3. McDonald's - The Directional Billboard
Agency: TBWA\Paris
McDonald's got the better of Burger King, though, with this brilliantly outlandish campaign in rural France. The small billboard said the nearest McDonald's drive-through was just 5 km ahead. But right next to it was a gigantic board that said the nearest BK was 258 km away—and hilariously gave directions for exactly how to get there.

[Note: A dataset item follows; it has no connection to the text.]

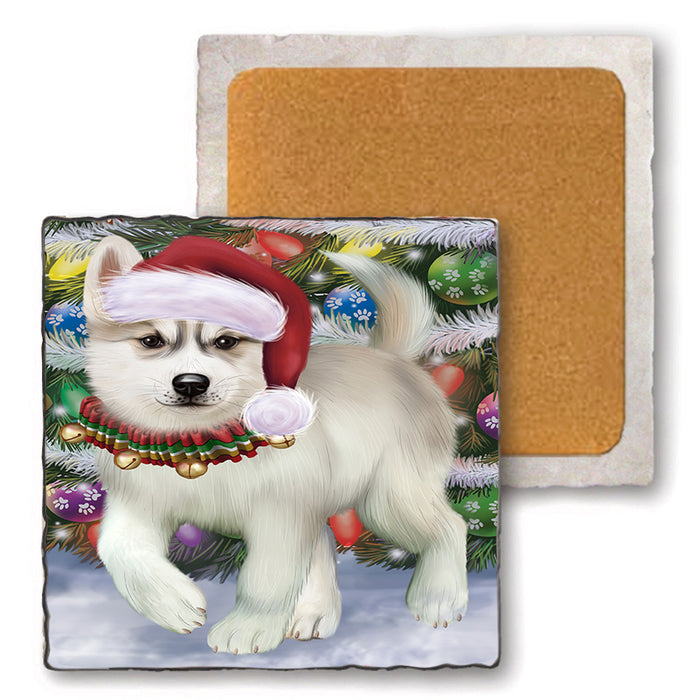 Trotting in the Snow Siberian Husky Dog Set of 4 Natural Stone Marble Tile Coasters MCST49598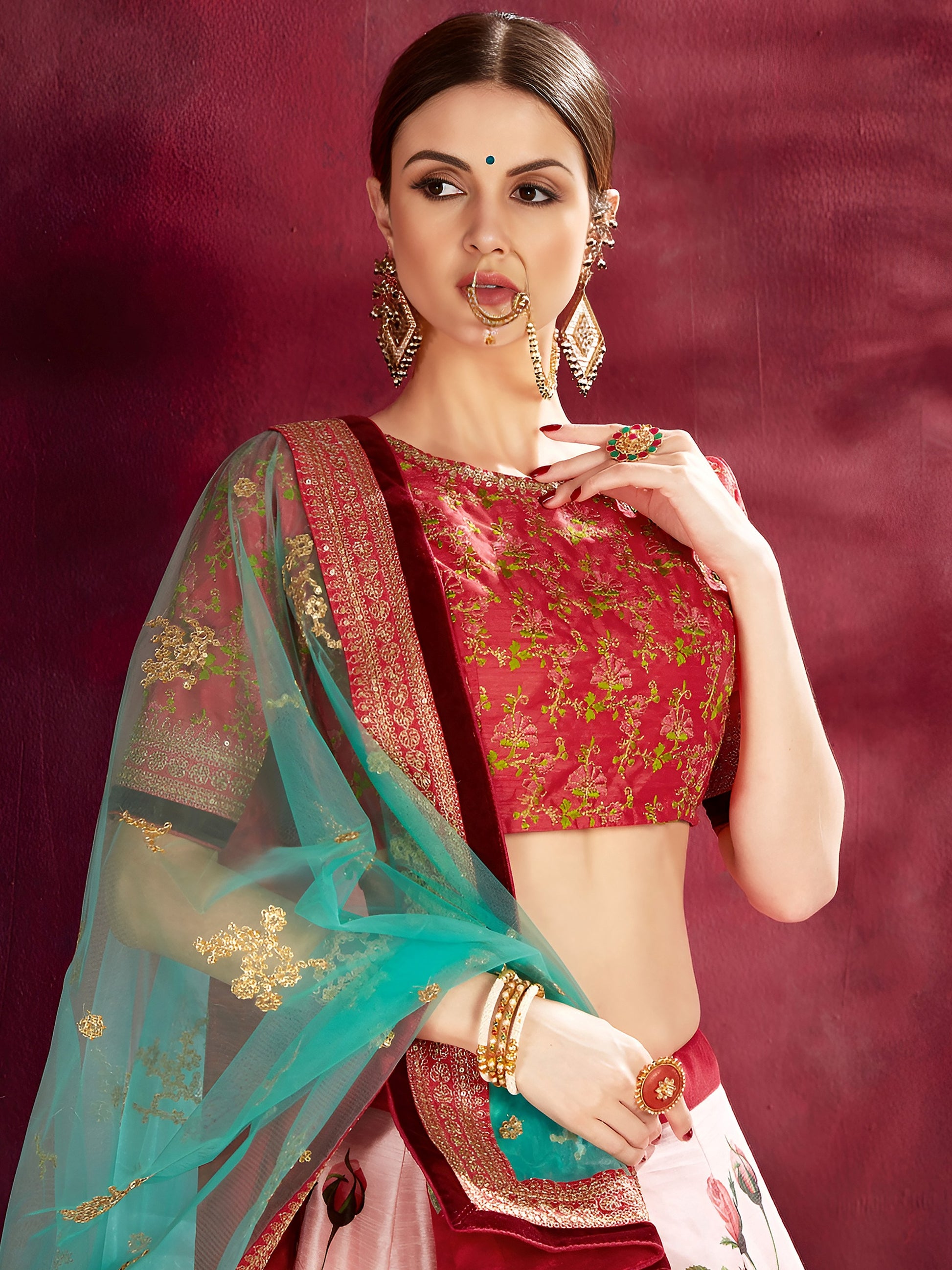 Rose-Pink Floral Print Banglori Silk Wedding Wear Lehenga Choli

2. Art Institute of Chicago - Van Gogh Bnb
Agency: Leo Burnett, Chicago
For sheer incredible craft, this Leo Burnett campaign was a world-beater in 2016. An Art Institute of Chicago exhibit brought together all three versions of Van Gogh's "The Bedroom" for the first time in North America. To commemorate it, Burnett worked with the museum and media agency Spark to build a full-scale, livable model of the work in a historical downtown Chicago building—and then rented it out for nights on Airbnb. "We thought the best way to help people understand Van Gogh's life was to invite them to spend a night in this room," said Burnett associate creative director Pete Lefebvre. "What better way to give people a glimpse into his mind than to create a truly immersive, one-of-a-kind experience like this?" Simply gorgeous work.
1. The Next Rembrandt
Agency: J. Walter Thompson Amsterdam
The most intriguing and exciting piece of outdoor advertising made in 2016 was a painting—a new Rembrandt, made 347 years after the last one. Or least, it was an incredible approximation of a Rembrandt, created as part of a fascinating artificial-intelligence-meets-creativity project by J. Walter Thompson Amsterdam for banking client ING.

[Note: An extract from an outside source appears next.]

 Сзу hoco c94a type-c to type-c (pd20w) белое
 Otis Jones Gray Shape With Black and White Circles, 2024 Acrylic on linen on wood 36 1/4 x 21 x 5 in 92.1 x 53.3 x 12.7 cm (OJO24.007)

The humans at JWT taught a computer to paint like Rembrandt by having it study the old master's works for months. The resulting painting was a completely new portrait, not a replica, indistinguishable to most people from the real thing. The connection to ING was somewhat peripheral, but the bank had sponsored Dutch arts and culture for a decade. And the artwork created a worldwide debate about humans' claim to creativity—to the glee of many technologists and the consternation of many art historians.
"People were asking, 'Is this good?' 'What's the relationship between artificial intelligence and creativity?' 'Is creativity flashes of genius that are reserved for mankind?' " JWT ecd Bas Korsten told Adweek. "Those questions have gotten a lot of attention from people in the art and tech worlds, who are actually quite opposed in their reactions."
A grand, ambitious idea and a stunning execution—congrats to ING and JWT for pulling off the year's greatest experiment in outdoor advertising.